--- START ---
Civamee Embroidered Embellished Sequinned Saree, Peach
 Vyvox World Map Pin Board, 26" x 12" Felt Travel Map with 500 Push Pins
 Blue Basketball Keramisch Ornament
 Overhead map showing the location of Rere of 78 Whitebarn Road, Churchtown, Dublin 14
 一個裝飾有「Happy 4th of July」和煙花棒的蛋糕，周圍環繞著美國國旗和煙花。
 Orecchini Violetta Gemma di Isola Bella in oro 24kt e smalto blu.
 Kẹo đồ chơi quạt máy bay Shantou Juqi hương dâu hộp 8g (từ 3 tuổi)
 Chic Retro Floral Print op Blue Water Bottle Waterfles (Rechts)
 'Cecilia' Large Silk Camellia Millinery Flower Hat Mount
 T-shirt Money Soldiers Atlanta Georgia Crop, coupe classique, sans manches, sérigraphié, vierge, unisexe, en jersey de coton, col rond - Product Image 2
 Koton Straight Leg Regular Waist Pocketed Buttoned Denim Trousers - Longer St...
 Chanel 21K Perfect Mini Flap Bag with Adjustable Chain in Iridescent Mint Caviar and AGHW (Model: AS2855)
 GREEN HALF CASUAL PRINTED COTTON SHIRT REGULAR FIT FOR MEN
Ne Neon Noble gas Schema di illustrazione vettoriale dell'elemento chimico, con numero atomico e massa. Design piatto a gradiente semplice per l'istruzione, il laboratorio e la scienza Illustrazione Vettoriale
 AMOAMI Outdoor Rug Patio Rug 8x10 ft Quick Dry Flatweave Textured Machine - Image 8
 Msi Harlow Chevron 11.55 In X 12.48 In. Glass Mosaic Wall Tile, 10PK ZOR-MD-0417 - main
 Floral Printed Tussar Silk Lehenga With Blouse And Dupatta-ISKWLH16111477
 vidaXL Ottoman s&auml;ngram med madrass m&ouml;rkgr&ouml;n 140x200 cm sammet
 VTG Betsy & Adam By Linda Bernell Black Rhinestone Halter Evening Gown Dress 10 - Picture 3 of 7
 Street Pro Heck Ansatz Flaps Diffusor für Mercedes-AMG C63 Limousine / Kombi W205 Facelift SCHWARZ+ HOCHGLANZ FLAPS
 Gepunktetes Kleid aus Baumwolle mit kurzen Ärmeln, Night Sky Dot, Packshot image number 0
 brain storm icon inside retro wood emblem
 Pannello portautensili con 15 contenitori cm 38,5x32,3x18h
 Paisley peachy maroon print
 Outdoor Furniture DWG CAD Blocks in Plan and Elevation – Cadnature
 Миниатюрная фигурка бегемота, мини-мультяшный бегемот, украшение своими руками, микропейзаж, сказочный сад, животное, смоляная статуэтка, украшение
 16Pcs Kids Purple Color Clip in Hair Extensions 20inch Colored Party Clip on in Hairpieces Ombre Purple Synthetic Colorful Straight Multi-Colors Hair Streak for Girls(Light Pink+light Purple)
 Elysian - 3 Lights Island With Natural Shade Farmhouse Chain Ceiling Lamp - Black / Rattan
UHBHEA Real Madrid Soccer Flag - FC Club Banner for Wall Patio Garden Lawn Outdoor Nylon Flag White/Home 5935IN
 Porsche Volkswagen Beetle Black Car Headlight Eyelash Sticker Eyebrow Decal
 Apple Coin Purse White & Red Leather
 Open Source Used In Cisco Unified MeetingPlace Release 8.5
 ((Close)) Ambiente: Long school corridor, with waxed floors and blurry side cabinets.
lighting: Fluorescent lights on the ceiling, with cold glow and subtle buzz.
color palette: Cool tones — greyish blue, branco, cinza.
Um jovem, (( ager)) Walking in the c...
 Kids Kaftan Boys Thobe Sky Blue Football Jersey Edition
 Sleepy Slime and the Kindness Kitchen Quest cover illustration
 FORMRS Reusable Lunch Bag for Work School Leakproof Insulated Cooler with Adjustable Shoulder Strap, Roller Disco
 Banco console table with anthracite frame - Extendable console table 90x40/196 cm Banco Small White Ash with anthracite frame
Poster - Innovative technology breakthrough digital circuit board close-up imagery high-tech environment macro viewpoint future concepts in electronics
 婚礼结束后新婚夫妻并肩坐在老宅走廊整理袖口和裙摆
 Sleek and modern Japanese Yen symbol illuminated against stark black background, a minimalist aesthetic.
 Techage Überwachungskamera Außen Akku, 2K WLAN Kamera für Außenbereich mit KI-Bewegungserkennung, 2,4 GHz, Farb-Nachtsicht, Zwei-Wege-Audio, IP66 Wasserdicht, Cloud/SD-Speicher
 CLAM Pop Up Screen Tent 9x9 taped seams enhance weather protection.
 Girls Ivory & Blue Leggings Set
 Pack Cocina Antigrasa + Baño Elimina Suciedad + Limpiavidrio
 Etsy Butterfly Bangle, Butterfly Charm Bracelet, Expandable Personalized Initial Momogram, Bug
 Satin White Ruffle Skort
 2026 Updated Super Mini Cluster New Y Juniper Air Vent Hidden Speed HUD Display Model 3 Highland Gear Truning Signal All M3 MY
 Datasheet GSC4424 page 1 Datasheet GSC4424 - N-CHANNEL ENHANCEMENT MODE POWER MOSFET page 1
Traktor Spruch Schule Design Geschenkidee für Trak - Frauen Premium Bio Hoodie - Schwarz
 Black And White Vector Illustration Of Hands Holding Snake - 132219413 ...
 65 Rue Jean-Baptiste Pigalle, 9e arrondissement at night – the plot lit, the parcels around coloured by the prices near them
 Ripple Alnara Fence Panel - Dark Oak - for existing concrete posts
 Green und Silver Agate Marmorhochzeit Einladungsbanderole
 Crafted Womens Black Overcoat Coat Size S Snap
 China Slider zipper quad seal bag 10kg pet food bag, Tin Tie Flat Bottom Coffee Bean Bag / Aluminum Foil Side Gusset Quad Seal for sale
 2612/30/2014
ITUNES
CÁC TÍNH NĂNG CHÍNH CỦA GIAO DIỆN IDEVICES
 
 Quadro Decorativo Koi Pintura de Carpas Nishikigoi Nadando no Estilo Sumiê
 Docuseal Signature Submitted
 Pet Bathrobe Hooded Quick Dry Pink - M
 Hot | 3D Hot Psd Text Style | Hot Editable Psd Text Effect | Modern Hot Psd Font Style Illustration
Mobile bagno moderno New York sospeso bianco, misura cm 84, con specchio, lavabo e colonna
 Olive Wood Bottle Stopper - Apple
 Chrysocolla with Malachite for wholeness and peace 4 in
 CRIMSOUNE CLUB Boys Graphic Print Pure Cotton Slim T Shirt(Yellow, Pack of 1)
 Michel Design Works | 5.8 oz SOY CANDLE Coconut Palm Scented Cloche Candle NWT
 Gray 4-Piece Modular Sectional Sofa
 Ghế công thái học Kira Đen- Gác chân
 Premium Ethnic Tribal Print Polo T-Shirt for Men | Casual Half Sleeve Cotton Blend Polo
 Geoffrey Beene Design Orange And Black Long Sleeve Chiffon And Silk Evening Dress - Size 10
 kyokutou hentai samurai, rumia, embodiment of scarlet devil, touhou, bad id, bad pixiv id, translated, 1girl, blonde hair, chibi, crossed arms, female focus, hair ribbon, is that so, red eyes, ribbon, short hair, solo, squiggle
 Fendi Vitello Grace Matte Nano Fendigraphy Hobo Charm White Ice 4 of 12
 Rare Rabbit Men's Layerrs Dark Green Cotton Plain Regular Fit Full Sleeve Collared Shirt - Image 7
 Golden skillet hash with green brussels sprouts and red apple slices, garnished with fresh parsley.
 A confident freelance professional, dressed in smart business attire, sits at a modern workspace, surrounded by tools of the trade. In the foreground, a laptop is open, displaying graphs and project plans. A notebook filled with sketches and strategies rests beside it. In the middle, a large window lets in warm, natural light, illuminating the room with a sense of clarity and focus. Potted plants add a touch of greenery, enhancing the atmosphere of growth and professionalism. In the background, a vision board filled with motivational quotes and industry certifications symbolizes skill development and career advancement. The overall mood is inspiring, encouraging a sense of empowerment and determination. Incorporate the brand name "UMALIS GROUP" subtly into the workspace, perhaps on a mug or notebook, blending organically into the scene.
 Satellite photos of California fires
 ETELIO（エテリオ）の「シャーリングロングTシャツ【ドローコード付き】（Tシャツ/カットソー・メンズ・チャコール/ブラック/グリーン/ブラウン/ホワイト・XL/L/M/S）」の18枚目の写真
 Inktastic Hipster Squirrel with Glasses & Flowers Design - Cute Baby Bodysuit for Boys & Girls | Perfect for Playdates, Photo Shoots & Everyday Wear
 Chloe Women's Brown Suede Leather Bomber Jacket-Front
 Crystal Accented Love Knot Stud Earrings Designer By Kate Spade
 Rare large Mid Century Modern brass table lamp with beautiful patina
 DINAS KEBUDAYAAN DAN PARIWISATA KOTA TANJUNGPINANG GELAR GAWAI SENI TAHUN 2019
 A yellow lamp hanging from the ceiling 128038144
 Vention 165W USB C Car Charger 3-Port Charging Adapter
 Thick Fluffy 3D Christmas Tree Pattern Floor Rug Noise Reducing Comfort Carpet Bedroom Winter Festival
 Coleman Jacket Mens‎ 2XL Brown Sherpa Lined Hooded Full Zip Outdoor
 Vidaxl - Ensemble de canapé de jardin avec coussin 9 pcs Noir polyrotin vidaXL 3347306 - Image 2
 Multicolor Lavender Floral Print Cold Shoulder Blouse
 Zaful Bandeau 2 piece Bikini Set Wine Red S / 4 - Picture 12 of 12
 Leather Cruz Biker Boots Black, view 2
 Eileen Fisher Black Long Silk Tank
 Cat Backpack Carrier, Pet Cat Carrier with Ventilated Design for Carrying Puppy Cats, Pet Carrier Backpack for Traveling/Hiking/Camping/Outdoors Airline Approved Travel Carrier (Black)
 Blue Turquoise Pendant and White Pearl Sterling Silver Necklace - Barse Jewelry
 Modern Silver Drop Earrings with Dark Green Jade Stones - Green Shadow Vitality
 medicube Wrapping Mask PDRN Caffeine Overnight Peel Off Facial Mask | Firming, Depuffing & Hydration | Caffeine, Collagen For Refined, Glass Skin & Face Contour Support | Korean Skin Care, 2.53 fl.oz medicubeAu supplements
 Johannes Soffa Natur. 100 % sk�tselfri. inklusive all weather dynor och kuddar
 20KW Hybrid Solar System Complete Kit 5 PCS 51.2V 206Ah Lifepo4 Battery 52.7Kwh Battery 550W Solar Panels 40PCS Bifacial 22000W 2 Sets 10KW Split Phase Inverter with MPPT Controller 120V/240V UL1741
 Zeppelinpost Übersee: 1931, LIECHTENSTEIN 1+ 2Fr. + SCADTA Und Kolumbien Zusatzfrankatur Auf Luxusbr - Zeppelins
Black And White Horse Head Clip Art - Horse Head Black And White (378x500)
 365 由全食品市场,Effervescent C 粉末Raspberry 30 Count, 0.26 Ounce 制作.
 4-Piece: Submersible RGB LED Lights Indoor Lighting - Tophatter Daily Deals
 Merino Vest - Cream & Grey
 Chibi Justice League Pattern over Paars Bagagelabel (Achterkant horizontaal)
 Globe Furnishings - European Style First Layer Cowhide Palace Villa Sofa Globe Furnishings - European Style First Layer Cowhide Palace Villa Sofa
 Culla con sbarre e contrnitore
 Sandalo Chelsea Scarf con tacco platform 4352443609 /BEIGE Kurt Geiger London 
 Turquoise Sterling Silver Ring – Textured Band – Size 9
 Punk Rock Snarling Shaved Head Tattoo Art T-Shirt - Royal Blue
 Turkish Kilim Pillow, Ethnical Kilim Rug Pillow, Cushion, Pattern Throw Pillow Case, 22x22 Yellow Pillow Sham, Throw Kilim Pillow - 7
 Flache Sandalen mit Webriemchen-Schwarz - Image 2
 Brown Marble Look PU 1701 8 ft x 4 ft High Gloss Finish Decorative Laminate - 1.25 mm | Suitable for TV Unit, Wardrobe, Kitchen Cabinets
--- END ---
### Exercise instructions
The required answer is the run of lines above, starting at the line with "Sandalo Chelsea Scarf" and ending at the line with "Flache Sandalen mit", reproduced exactly with both ends.

### Response box
 Sandalo Chelsea Scarf con tacco platform 4352443609 /BEIGE Kurt Geiger London 
 Turquoise Sterling Silver Ring – Textured Band – Size 9
 Punk Rock Snarling Shaved Head Tattoo Art T-Shirt - Royal Blue
 Turkish Kilim Pillow, Ethnical Kilim Rug Pillow, Cushion, Pattern Throw Pillow Case, 22x22 Yellow Pillow Sham, Throw Kilim Pillow - 7
 Flache Sandalen mit Webriemchen-Schwarz - Image 2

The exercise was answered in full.